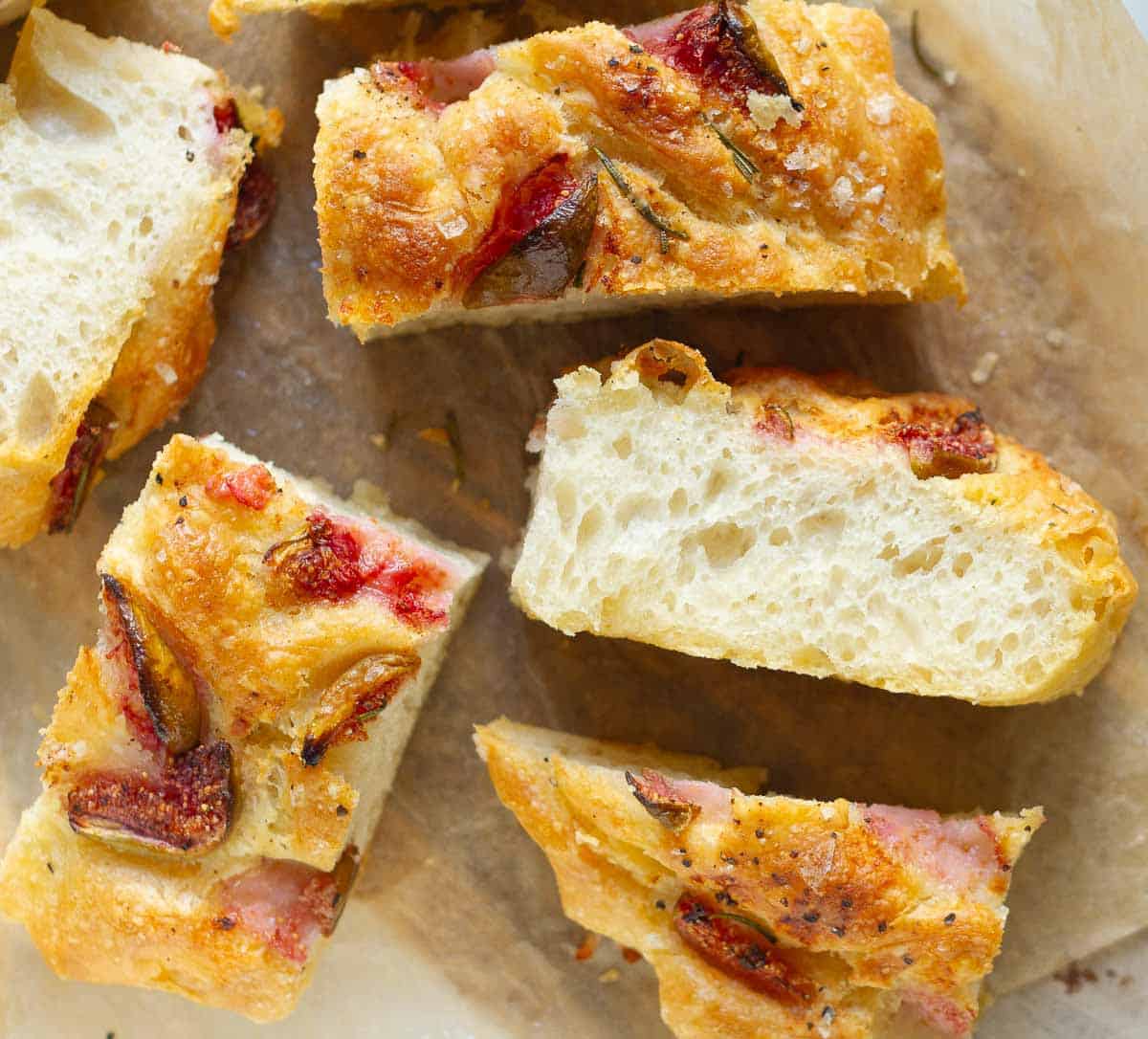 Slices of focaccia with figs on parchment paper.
==========
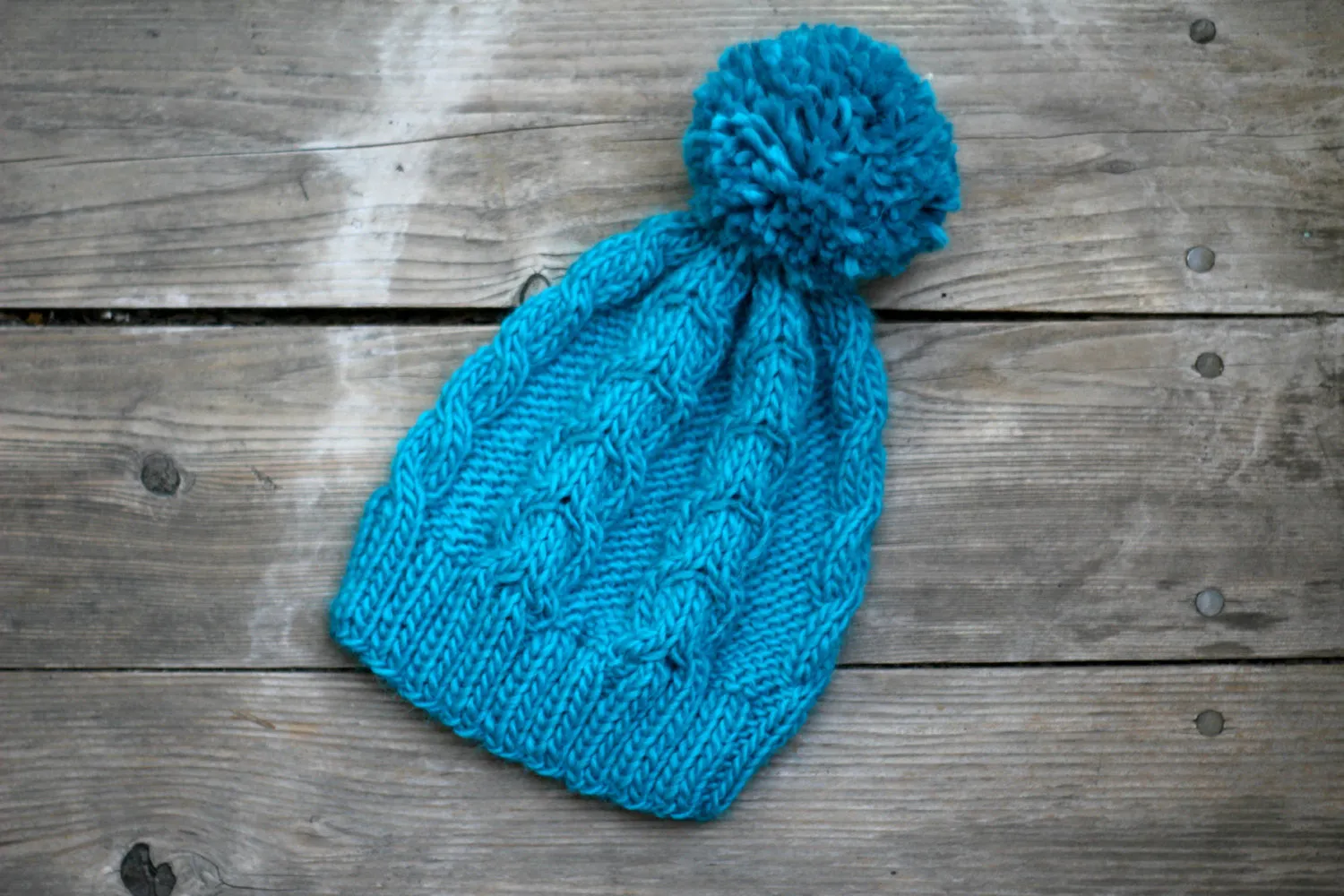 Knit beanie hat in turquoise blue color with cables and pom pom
==========
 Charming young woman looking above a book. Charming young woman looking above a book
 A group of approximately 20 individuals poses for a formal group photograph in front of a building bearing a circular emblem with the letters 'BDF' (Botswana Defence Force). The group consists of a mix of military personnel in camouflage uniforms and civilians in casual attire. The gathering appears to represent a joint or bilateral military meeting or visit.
==========
**What to do:**
Only one stretch of the entries above is wanted: the lines from the one containing "Charming young woman looking above a book." through the one containing "A group of approximately". Please reproduce it exactly.

**Result of the exercise:**
 Charming young woman looking above a book. Charming young woman looking above a book
 A group of approximately 20 individuals poses for a formal group photograph in front of a building bearing a circular emblem with the letters 'BDF' (Botswana Defence Force). The group consists of a mix of military personnel in camouflage uniforms and civilians in casual attire. The gathering appears to represent a joint or bilateral military meeting or visit.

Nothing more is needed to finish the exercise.